Think of it this way, have you ever worked on a project and then stepped away from it for awhile? Maybe you worked on it for several hours and were feeling stuck and then you left to grab something to eat and came back to it with a different perspective?

Maybe you dropped all thoughts of it for awhile and then found that when you returned you had renewed interest in it or a renewed approach? Something may have shifted in the process of distraction for awhile. Stepping away can increase our ability to creatively problem solve whatever the issue is.
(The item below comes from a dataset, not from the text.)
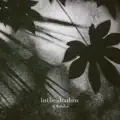 intheshadow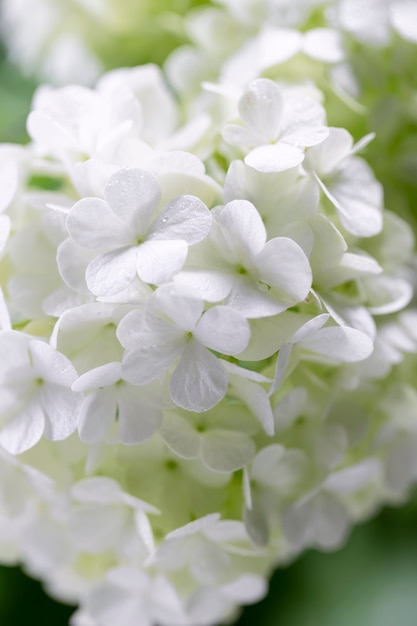 Beautiful hydrangea flower close up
This article in the Scientific American talks about something called the DMN or default mode network. It’s the mode we occupy often while daydreaming. What research has taught us is that when we think we are daydreaming and while we are in those distracted states our brains are collecting information in the background and processing and integrating information from other regions of the brain in complex ways.

For some this offers relief and comfort. We can let go of holding on to those anxious thoughts and if the thought of letting those thoughts out of our sight, as it were bothers us, well then just know that our brains are working on the issue whatever it is anyway and without our even consciously thinking about it. Taking a break actually works to our advantage. We can get some rest and come back.

Catastrophizing has been addressed in other ways with the “Let go and let God” or “Let go and the let the universe” concept. Without the need to rely on religiosity or even mysticism per se just know that the brain is handling the issue. Think of it as the "do nothing" or "be still" approach.  I posted a video recently on my facebook page about this approach.  You can find that link here.

It turns out that even with the do nothing approach, something is being done. We are coming to state of rest and mindfulness orientedness within ourselves as we let go of the anxiety. As we are resting the world around us might be humming with activity, putting other forces and scenarios into play.

So that even within the course of an hour, or a day, or a week, or a month we never step into the same river twice. We over time and even within the span of a day grow and learn. So that we always come back to the issue as a different person as it were and with a different approach. The river or problem if you want to think of it that way, it too, changes as it flows along.

I’m not trying to get super esoteric here and I hope I haven’t lost anyone yet. The point being that when we are rested, when we allow those moments of rest, we’ll have the ability to better tackle whatever new issues arise in addition to approaching the old from a steadier ground.